Departing from Palma, you will drive inland to the sleepy town that was the birthplace of Mallorca's most famous son, Miguel Serra. Born in 1713 he later became a priest and after working as a missionary in Mexico, was sent to California where the missions he established eventually grew into some of California's largest cities including San Diego, Los Angeles and San Francisco.
After entering the Franciscan friary at age 16, he took the name Fray Junipero Serra and was soon known as a bright, articulate scholar, but he did not remain in the academic life as the call for Franciscan missionaries to the New World beckoned him.
He landed in New Spain (Mexico) where he remained for nine years, preaching to the Indians and strengthening the two missions already established in the wilderness area beyond the urban areas such as Mexico City. He then went on to coastal villages and mining camps, preaching retreats and administering the sacraments.
In 1767 the King of Spain banished the Jesuit Society from New Spain. Junipero Serra was assigned the new Superior of Baja California, where thirteen Jesuit missions had been left abandoned. From here, he moved into Alta California, (now the state of California), and was later appointed padre president of California.
On orders from the Spanish king to occupy additional territory, he joined expeditions that reached the current day location of San Diego in 1769. Over the next fifteen years, he established nine of his 21 missions, each a one-day walk apart (about 30 miles), and linked by a dirt road called El Camino Real.
Fray Juniper Serra died at the mission in Carmel in 1784. Today, he is known as the "Apostle of California" and his birthday is a public holiday in California. There are museums in San Diego and San Francisco named after him and he is a candidate for canonization.
Upon arrival in Petra, you will visit the small museum of Fray Juniper Serra. A stop will also be made at the small house where he lived. Guests can still see items from his time here.
Next, visit a local wine cellar and bodega founded in 1912, Miquel Oliver. Here, you will have a quick look around the cellar, and have a chance to taste two of their wines. There will also be the opportunity to purchase wine if you wish.

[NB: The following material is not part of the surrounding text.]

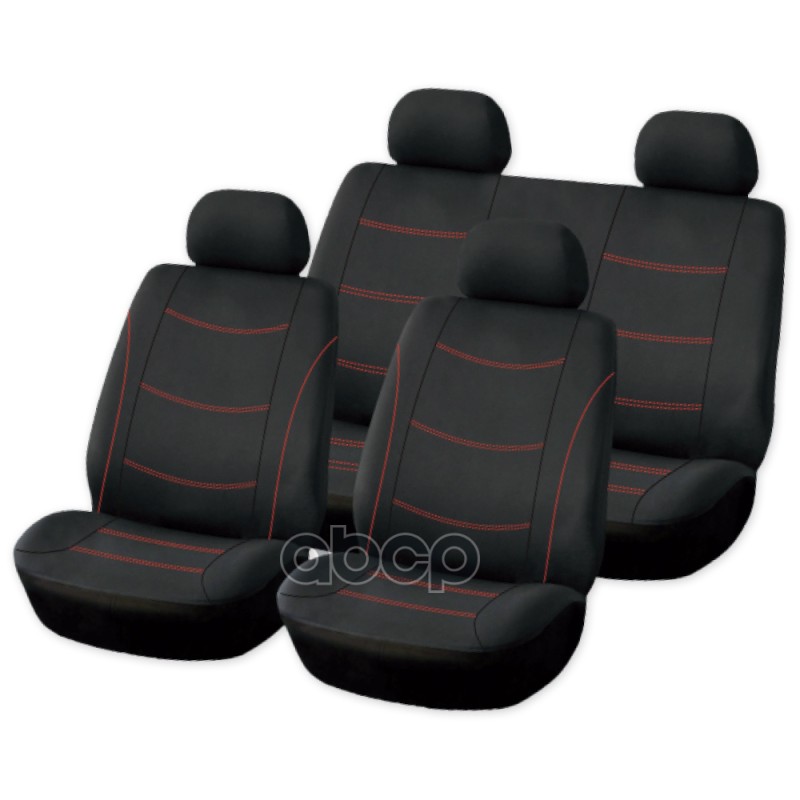 Чехлы на сиденья (рубашка) с подголовниками, черный с красной строчкой 8 пр. ARNEZI A0508006 ARNEZI арт. A0508006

After that, you will drive up to the Hill of Bonany, where you find one of the most beautiful oratories on the island: the Ermita de Bonany, where Fray Serra preached his last sermon before departing for New Spain. On a clear day, the views from the terrace allow you to see across the plains below to the mountains in the distance. The monastery on the site has just a chapel, a shop selling religious trinkets and a few simple rooms.
To top off the day, lunch will be taken at Embutidos Matas, whose homemade sobrassada (pork sausages) carry patents. Lunch will include some of the famous sweet and spicy sobrassada and botifarrones sausages, camiot (spiced pork coldcut), homemade Mallorcan bread, and ensaimada, the traditional sweet bread of the island. Drinks included are water, local wine, and a chupito (small shot of liquor) to finish off the meal.
From here, you will drive back to the cruise pier.
Reviewer: A F
Mallorca is a must visit place. It is so unique and beautiful. Our tour guide was from Britian who is so knowledgeable about this island and answered all interesting questions from us.